_Exercise_:
All of the data that follows should be retyped exactly, please, except the pictures.

_Stored data_:
· · · · ·

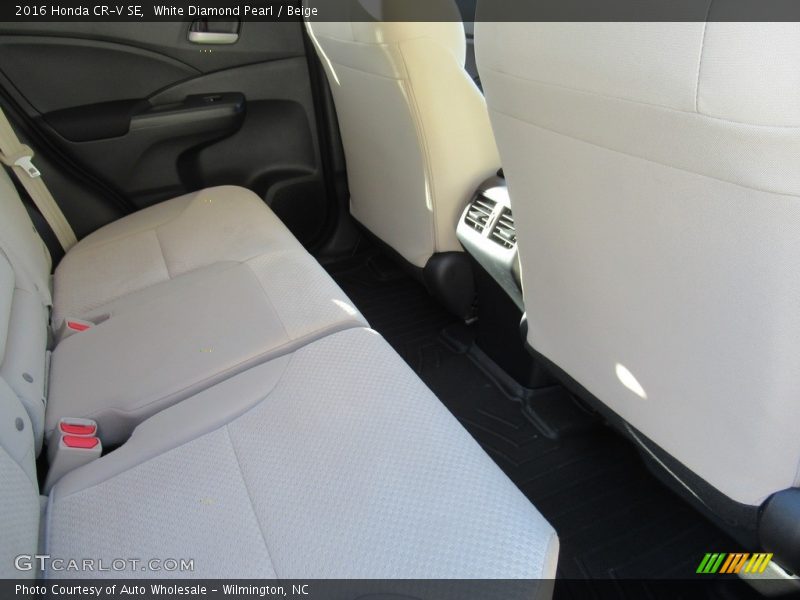 White Diamond Pearl / Beige 2016 Honda CR-V SE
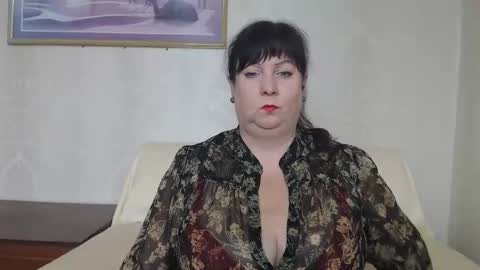 Snapshot of yourmilf4love chatting on October 18, 2025, 12:28 pm lANA online show from October 18, 2025, 12:28 pm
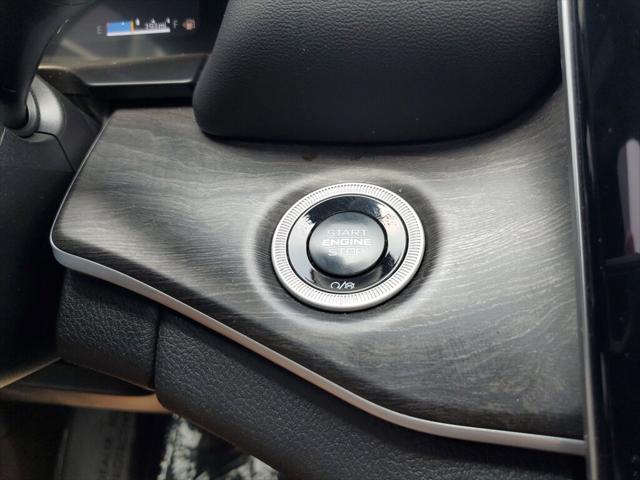 used 2025 Jeep Grand Cherokee L car, priced at $46,992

· · · · ·

_Result of this task_:
 White Diamond Pearl / Beige 2016 Honda CR-V SE
 Snapshot of yourmilf4love chatting on October 18, 2025, 12:28 pm lANA online show from October 18, 2025, 12:28 pm
 used 2025 Jeep Grand Cherokee L car, priced at $46,992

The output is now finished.